Print, exactly as they stand, the lines below from the one that has "Mercedes-Benz 222-401-04-00-7X21 Wheel Mercedes-Benz" to the one that has "Cotton Off-the-Shoulder Tee", inclusive, leaving out the pictures.

Data for processing:
##########
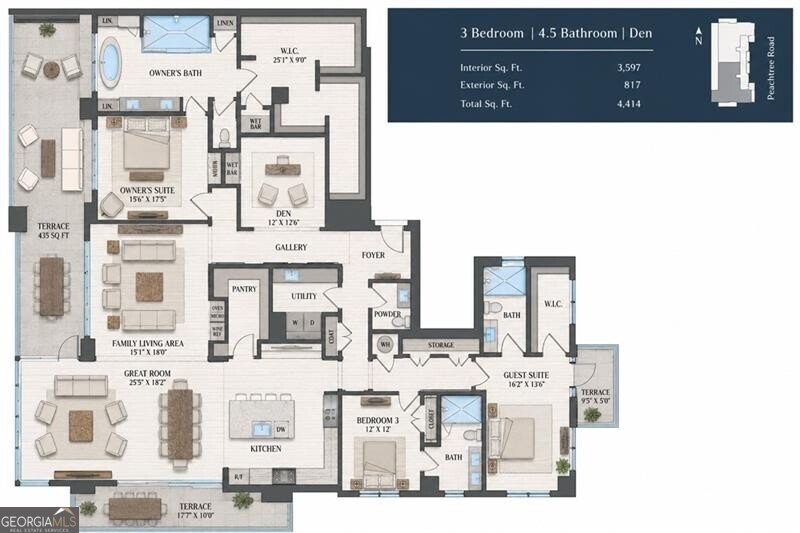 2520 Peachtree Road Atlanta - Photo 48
##########
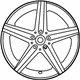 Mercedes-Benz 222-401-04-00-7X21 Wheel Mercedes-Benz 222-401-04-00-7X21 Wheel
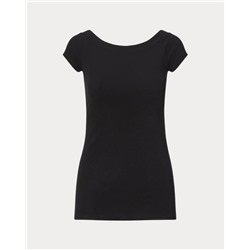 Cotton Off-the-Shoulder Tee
##########
Solution for this exercise:
 Mercedes-Benz 222-401-04-00-7X21 Wheel Mercedes-Benz 222-401-04-00-7X21 Wheel
 Cotton Off-the-Shoulder Tee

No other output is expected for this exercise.